→ **Instructions for the task**: Exclude images, then output the remaining data verbatim.

(Image-caption web data)
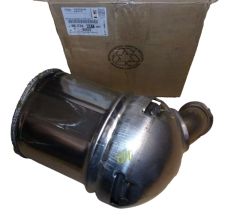 Fap Dpf Filter Original 9677468180 Citroen Peugeot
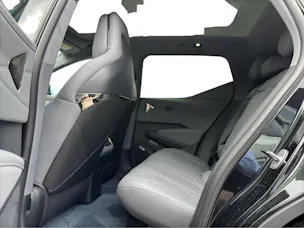 ZEEKR X Privilege AWD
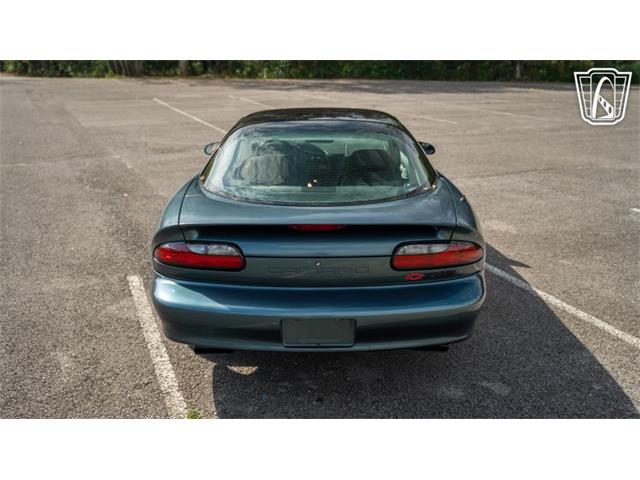 1993 Chevrolet Camaro (CC-2119806) for sale in Smyrna, Tennessee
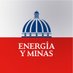Ministerio de Energía y Minas (@energiayminasrd) Twitter profile photo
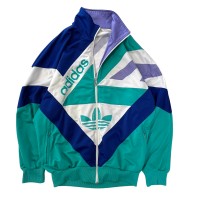 1990's adidas / track jacket #E891 | Vintage.City 古着屋、古着コーデ情報を発信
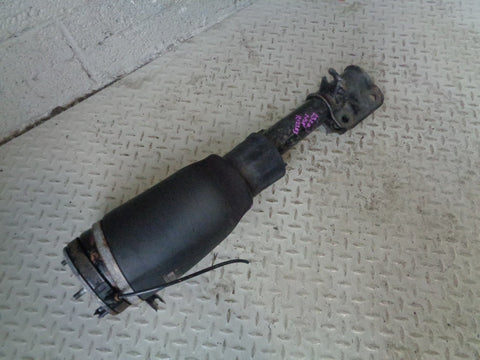 Range Rover L322 Airbag Suspension Strut Near Side Front DB0535247 2002 to 2006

→ **Written reply**:
 Fap Dpf Filter Original 9677468180 Citroen Peugeot
 ZEEKR X Privilege AWD
 1993 Chevrolet Camaro (CC-2119806) for sale in Smyrna, Tennessee
Ministerio de Energía y Minas (@energiayminasrd) Twitter profile photo
 1990's adidas / track jacket #E891 | Vintage.City 古着屋、古着コーデ情報を発信
 Range Rover L322 Airbag Suspension Strut Near Side Front DB0535247 2002 to 2006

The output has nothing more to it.